BRIEF DESCRIPTION OF THE DRAWINGS
[0016] The patent or application file contains at least one drawing
executed in color. Copies of this patent or patent application
publication with color drawing(s) will be provided by the Office
upon request and payment of the necessary fee.
[0017] The foregoing and other aspects of the present invention are
best understood from the following detailed description when read
in connection with the accompanying drawings. For the purpose of
illustrating the invention, there is shown in the drawings
embodiments that are presently preferred, it being understood,
however, that the invention is not limited to the specific
instrumentalities disclosed. Included in the drawings are the
following Figures:
[0018] FIG. 1A is a two dimensional view of a simplified 2D version
of the randomized hashing scheme in a feature space fractured into
regions by a set of randomly chosen splitting planes Each region is
associated with a hash code indicating where it falls with respect
to the splitting planes;
[0019] FIG. 1B is a four-dimensional view of the relationship
between hash codes and associated with the vertices of a hypercube
in an exemplary embodiment;
[0020] FIG. 2 is a flow chart showing operation of an exemplary
algorithm for use with segmenting images in accordance with some
embodiments of the random hashing scheme;
[0021] FIG. 3 shows two histograms of the distributions of the GCE
and Rand Index metrics over a sample data set as a result of the
application of certain embodiments of the random hash scheme.

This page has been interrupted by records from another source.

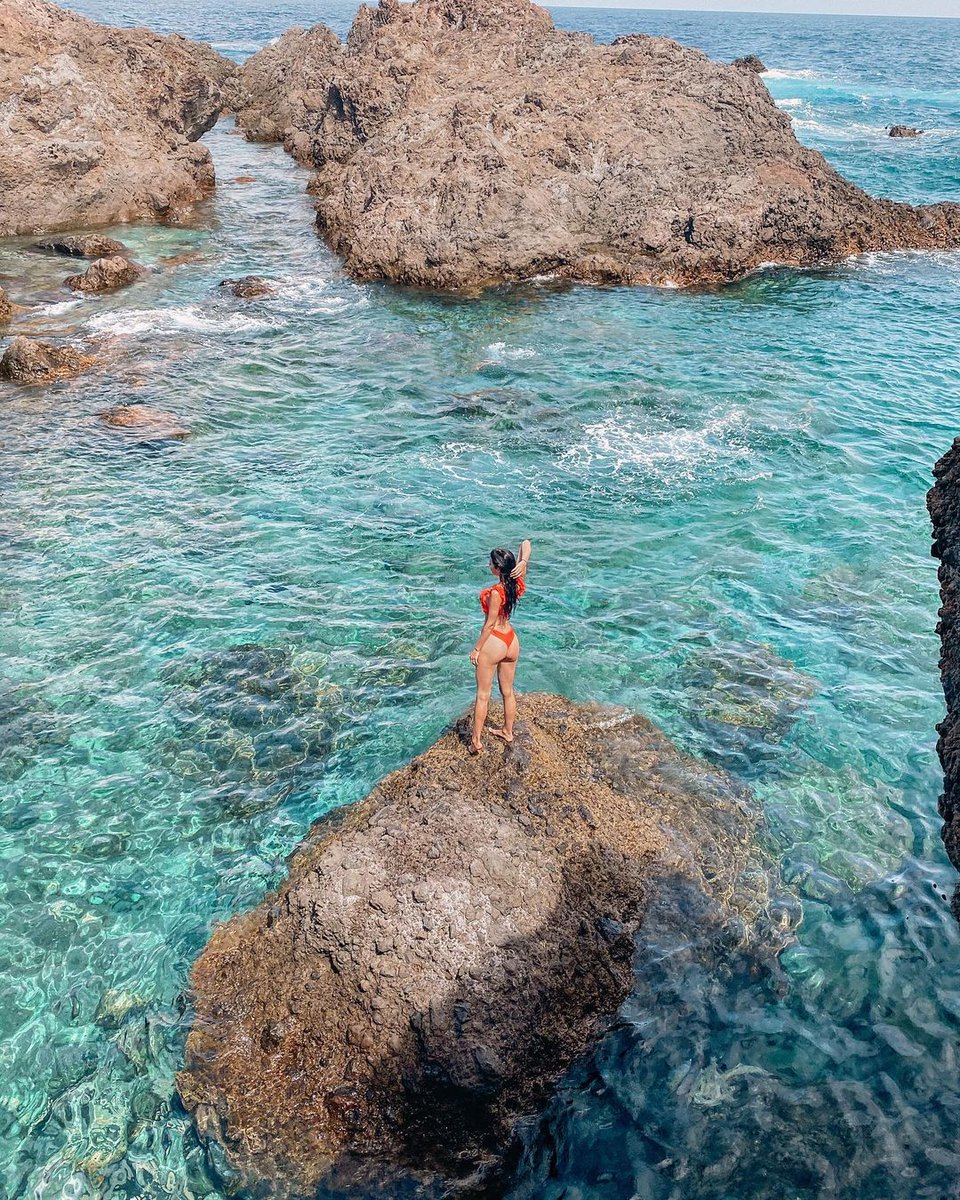 Beula Carbajal (@beulacarbajal) on Twitter photo 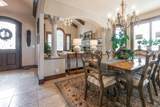 1391 Compton Rd - Photo 14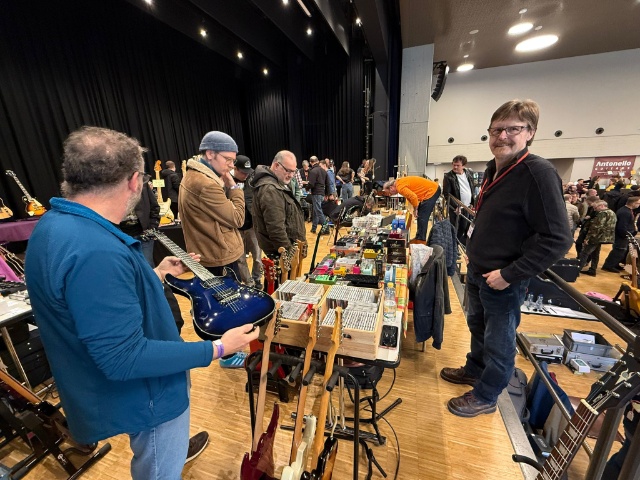 WhatsApp Image 2026-03-24 at 18 47 55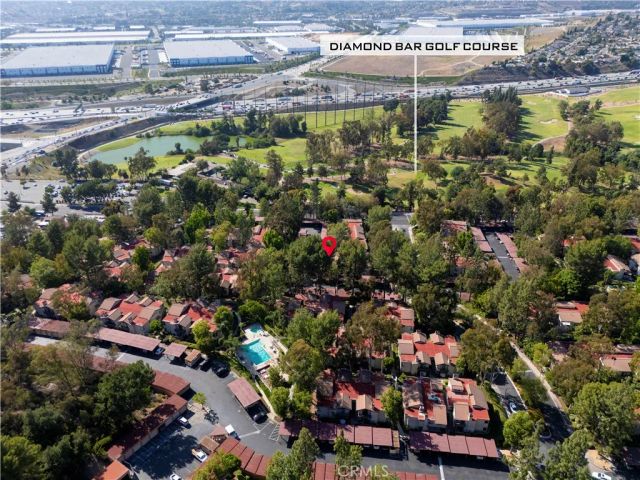 22700 Lakeway 331, Diamond Bar, CA 91765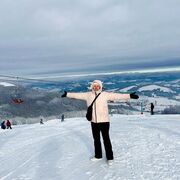 ���������� �������, ���� ������� Mila, 60 ���, ������������ ��� ������, ����� � ���������, ���������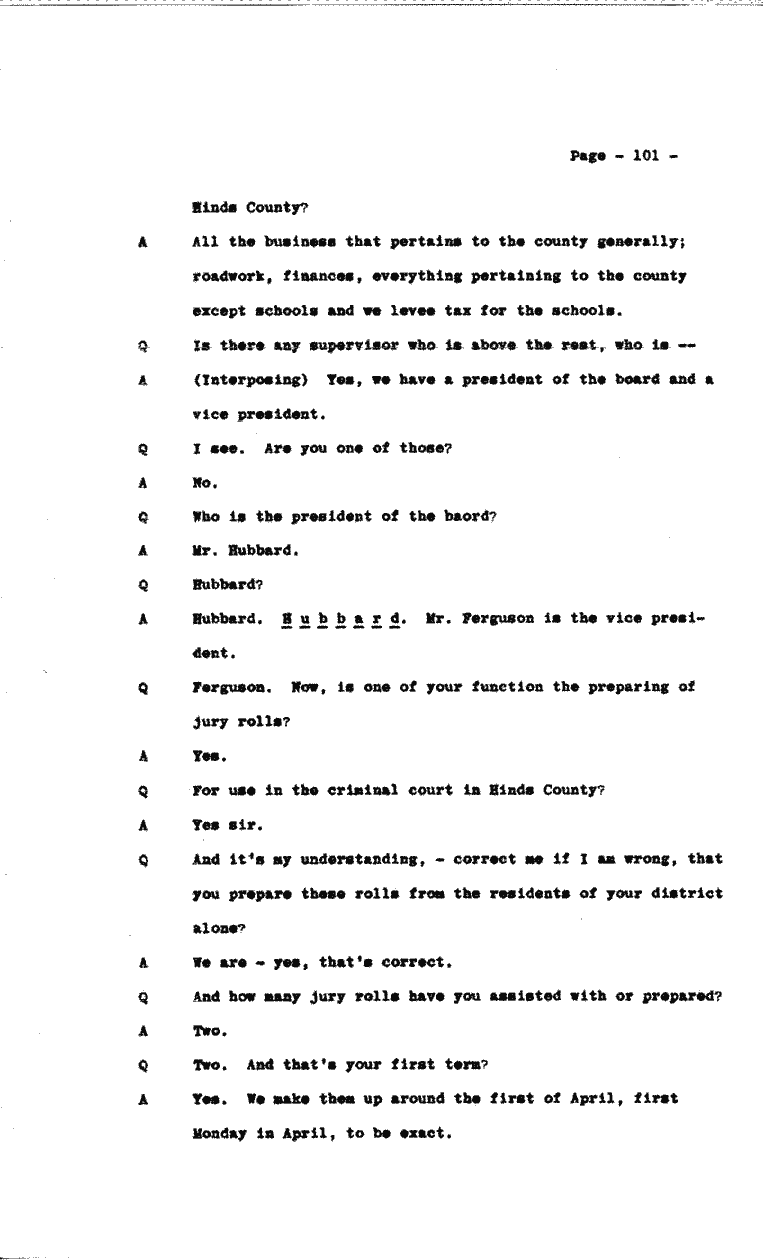 SCR ID # 2-147-0-1-103-1-1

[0022] FIG. 3 includes sample images along with the human
segmentation and the machine segmentation.
[0023] FIG. 4 shows a plurality sample images, along with the human
segmentation and the machine segmentation, including both prior art
and an embodiment of the random hashing scheme.
DETAILED DESCRIPTION OF ILLUSTRATIVE EMBODIMENTS
[0024] The segmentation scheme described in this application
employs a feature based approach. Each pixel in the image is
described by a feature vector which encodes a set of properties
used to describe that pixel. Embodiments of the present invention
can employ a simple color descriptor vector, which is an example of
a feature vector, but some embodiments also use more sophisticated
feature vectors such as a histogram of color values or a vector of
texture coefficients. Some embodiments can employ an approach to
segmenting natural images which leverages the idea of randomized
hashing. The procedure aims to replace the problem of finding
clusters in the feature space with the problem of finding local
maxima in a graph whose topology approximates the geometry of the
underlying feature space. In so doing the method can bypass the
computational effort associated with computing distances between
feature vectors which can comprise a significant fraction of the
effort in other techniques such as k-means clustering and mean
shift segmentation.
[0025] The method can be controlled by a few parameters namely, the
number of random splitting planes, n, The Hamming Distance
threshold, k, and the window size that is used to average the color
vectors, w. By adjusting these parameters the algorithm can be made
to produce over segmentations or under segmentations of the input
imagery. Importantly the number of segments that are produced is
implicitly controlled by these parameters rather than explicitly
provided as an input to the algorithm.
[0026] These techniques can be employed in a computing environment
available to a person of ordinary skill in the art, including
performing the prescribed calculations on a PC, embedded processor,
mobile device, cloud computing environment, client-server
environment, DSP, or dedicated hardware circuit capable of
performing the methods disclosed herein.
[0027] Given a set of feature vectors (e.g. pixels having
predetermined properties, where each selected property is a
dimension in a feature space), the goal of the segmentation
procedure is to divide them into a set of clusters which capture
the most salient groupings in the distribution. An example of a
feature space for use with some embodiments includes a 3D space
with orthogonal axes for each color: red, green, and blue (RGB). In
some embodiments, the feature space uses axes for Y, Pb, and Pr. In
some embodiments, more than three dimensions can be used. For
example, other dimensions can include motion vectors, depth, or
other information that can be obtained related to each pixel, so
that each pixel (or group of pixels) can be mapped to the feature
space.
[0028] Entries in this feature vector characterize salient
properties of the region surrounding that pixel such as color (e.g.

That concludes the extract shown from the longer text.